Wednesday, September 4, 2013

The Future of Big Data is Cognitive Big Data Apps

Volume, Velocity, Variety and Veracity of your data, the 4V challenge, has become untamable.  Wait, yet another big data blog?  No, not really.  In this blog, I would like to propose a cognitive app approach that can transform your big-data problems into big opportunities at a fraction of the cost.

Everyone is talking about big data problems but not many are helping us in understanding big data opportunities.  Let's define a big data opportunity in the context of customers because growing customer base, customer satisfaction and customer loyalty is everyone’s business:

  • you have a large, diverse and growing customer base
  • your customers are more mobile and social than ever before
  • you have engaged with your customers where ever they are: web, mobile, social, local
  • you believe that "more data beats better algorithms" and that big data is all data
  • you wish to collect all data - call center records, web logs, social media, customer transactions and more so that
  • you can understand your customers better and how they speak of and rank you in their social networks
  • you can group (segment) your customers to understand their likes and dislikes
  • you can offer (recommend) them the right products at the right time and at the right price
  • you can preempt customer backlash and prevent them for leaving (churn) to competitors and taking their social network with them (negative network effects)
  • all this effort will allow you to forecast sales accurately, run targeted marketing campaigns and cut cost to improve revenues and profitability
  • you wish to do all of this without hiring an army of data analysts, consultants and data scientists
  • and without buying half-dozen or more tools, getting access to several public / social data sets and integrating it all in your architecture
  • and above all, you wish to do it fast and drive changes in real time
  • And most importantly, you wish to rinse and repeat this approach for the foreseeable future
There are hardly any enterprise solutions in the market that can address the challenges listed above.  You have no other choice but to build a custom solution by hiring several consultants and striking separate licenses agreements with public and social data vendors to get a combined lens on public and private data.  This approach will be cost prohibitive for most enterprise customers and as "90% of the IT projects go" will be mired with delays, cost overruns and truck load of heartache. 
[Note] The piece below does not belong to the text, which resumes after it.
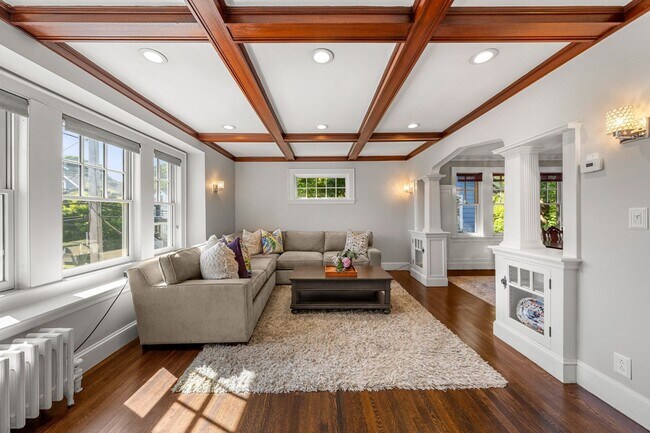 46 Crockett Ave Unit 2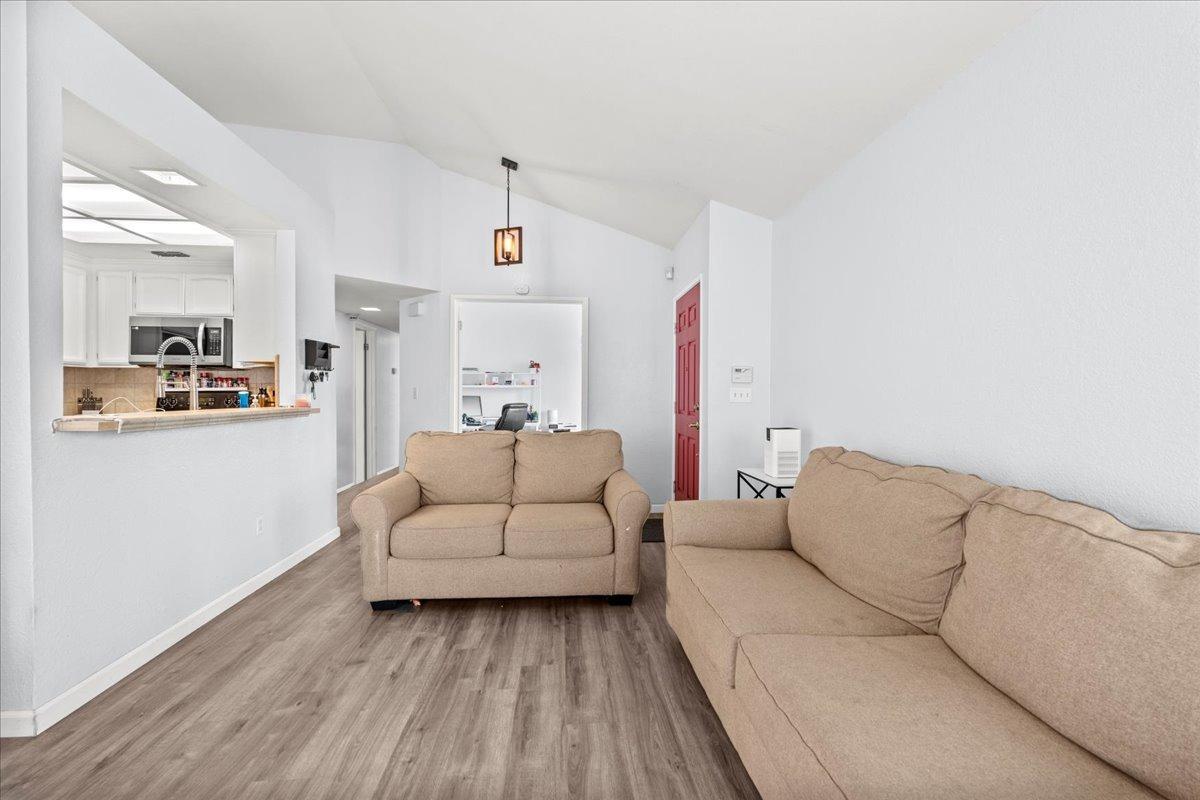 Detail Gallery Image 7 of 27 For 1496 Waterwheel Dr, Sacramento,  CA 95833 - 3 Beds | 2 Baths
The advances in technologies like in-memory databases and graph structures as well as democratization of data science concepts can help in addressing the challenges listed above in a meaningful and cost-effective way.  Intelligent big data apps are the need of the hour.  These apps need to be designed and built from scratch keeping the challenges and technologies such as cognitive computing[1] in mind.  These apps will leave the technology paradigms of 1990s like "data needs to be gathered and modeled (caged) before an app is built" in the dumpster and will achieve the flexibility required from all modern apps to adapt as the underlying data structures and data sources change.  These apps can be deployed right off the shelf with minimum customization and consulting because the app logic will not be anchored to the underlying data-schema and will evolve with changing data and behavior.

The enterprise customers will soon be asking for a suite of such cognitive big data apps for all domain functions so that they can put the big data opportunities to work to run their businesses better than their competitors.  Without dynamic cognitive approach in apps, addressing the 4V challenge will be a nightmare and big data will fail to deliver its promise.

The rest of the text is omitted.